* How to complete this task: The copy must match the data below line for line and contain no images.

* Dataset excerpts:
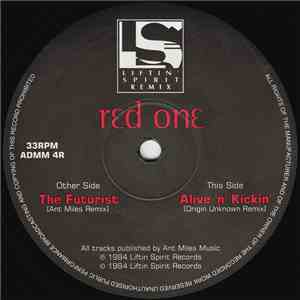 Red One - The Futurist (Remix) / Alive 'N' Kickin' (Remix)
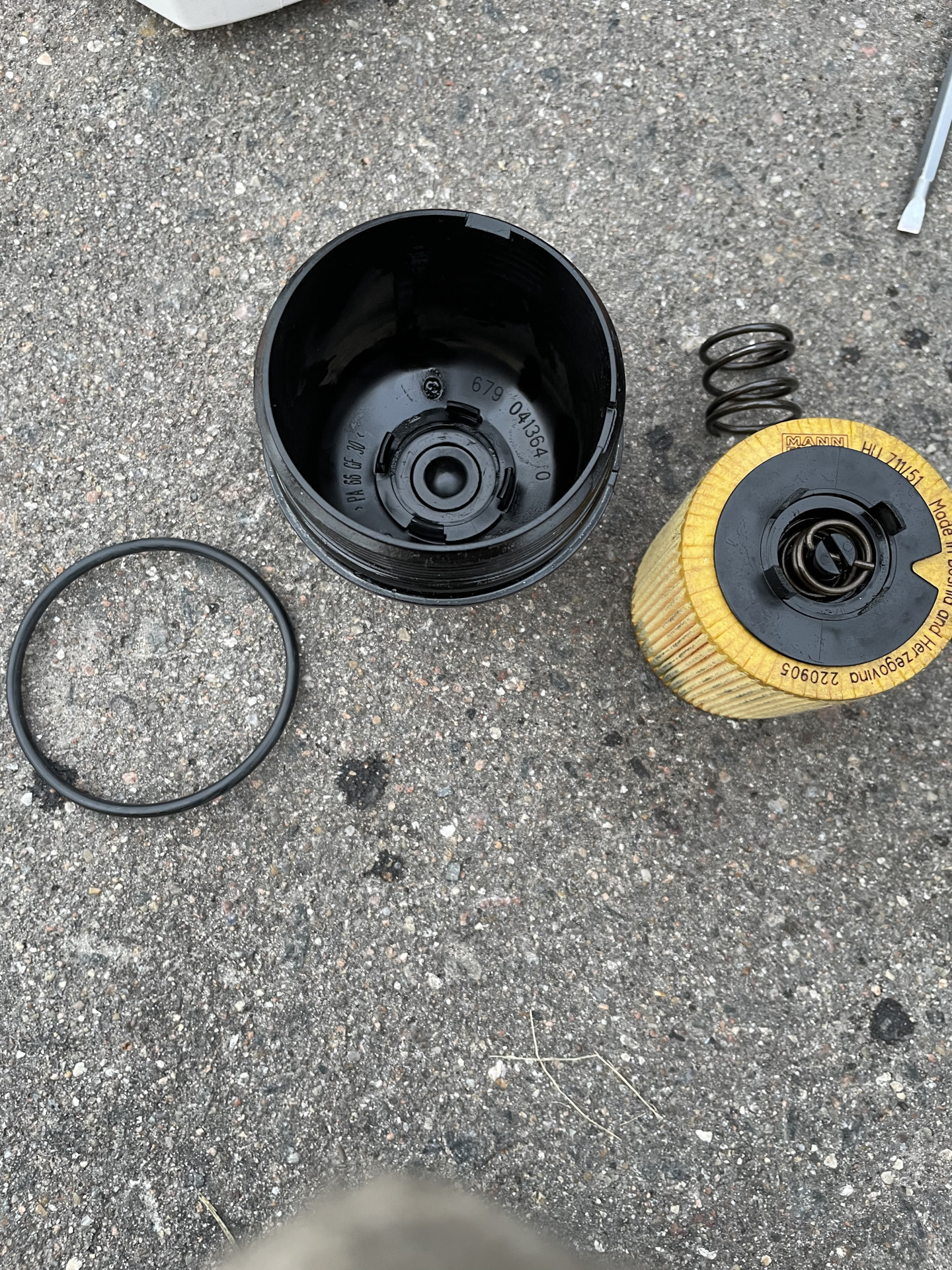 Замена масла и раскоксовка Shuma — Peugeot 308 (1G), 1,6 л, 2008 года ...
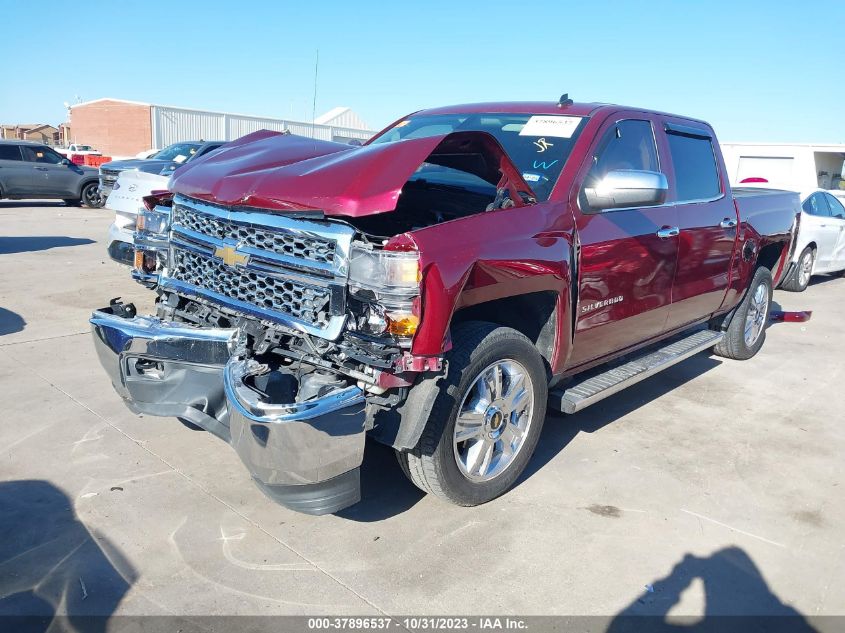 2014 CHEVROLET SILVERADO 1500 LT - 3GCUKREC0EG496200
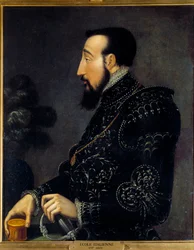 Porträt von Heinrich II., König von Frankreich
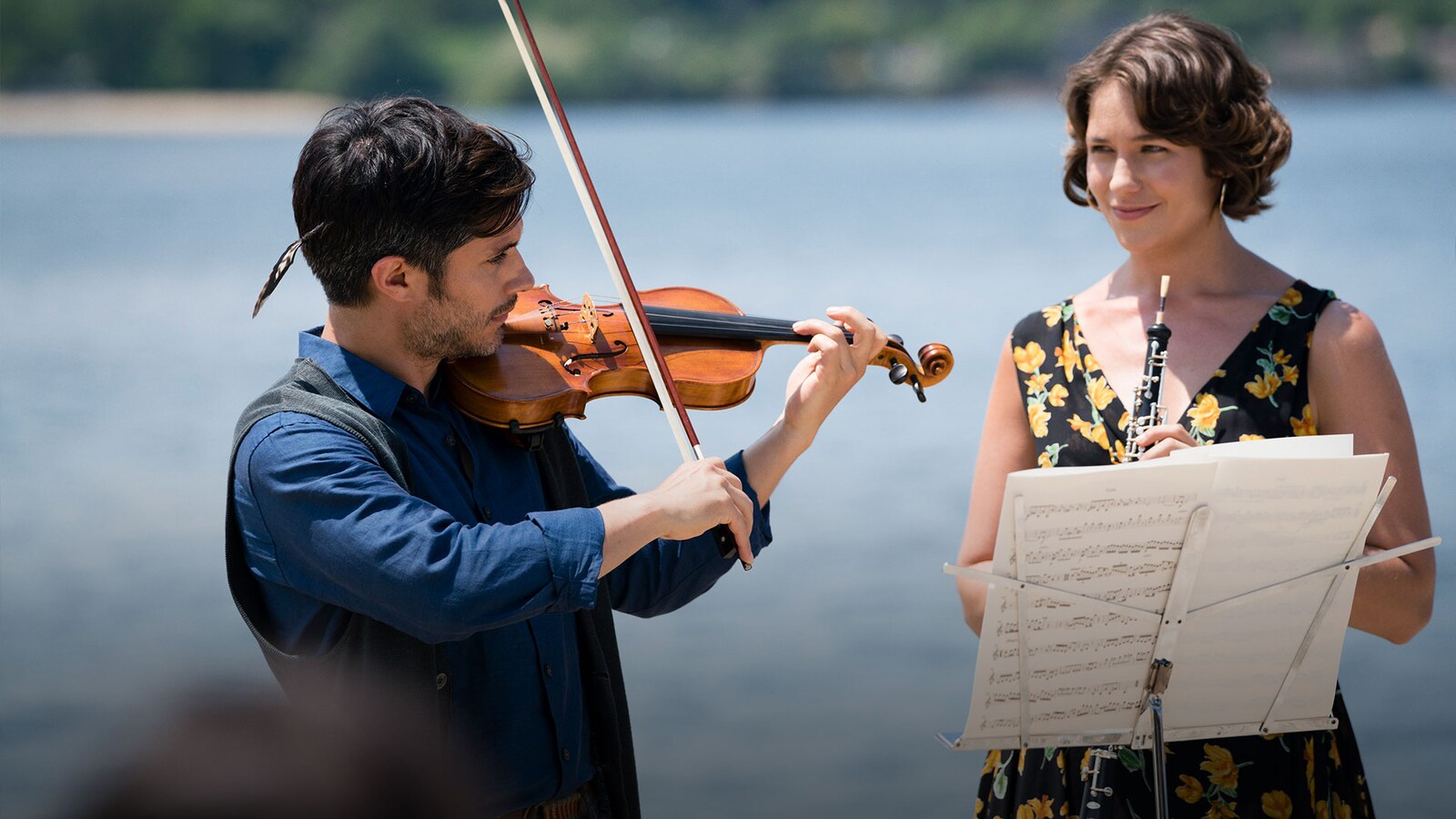 Mozart in the Jungle TVserier online Viaplay.se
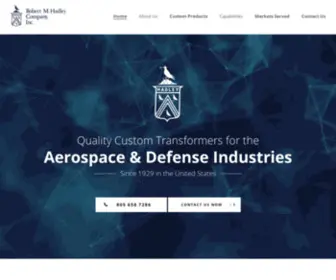 RMhco.com(Hadley Company) Screenshot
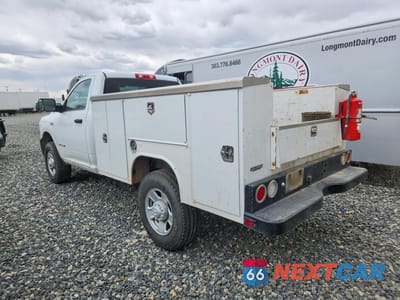 Drugie zdjęcie samochodu z przodu: 2022 RAM 2500 TRADESMAN VIN:3C7WR5AJ9NG253778 - miniatura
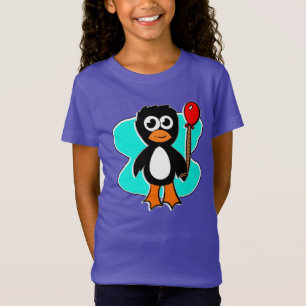 Camiseta Pinguim Balão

* Your response:
 Red One - The Futurist (Remix) / Alive 'N' Kickin' (Remix)
 Замена масла и раскоксовка Shuma — Peugeot 308 (1G), 1,6 л, 2008 года ...
 2014 CHEVROLET SILVERADO 1500 LT - 3GCUKREC0EG496200
 Porträt von Heinrich II., König von Frankreich
 Mozart in the Jungle TVserier online Viaplay.se
 RMhco.com(Hadley Company) Screenshot
 Drugie zdjęcie samochodu z przodu: 2022 RAM 2500 TRADESMAN VIN:3C7WR5AJ9NG253778 - miniatura
 Camiseta Pinguim Balão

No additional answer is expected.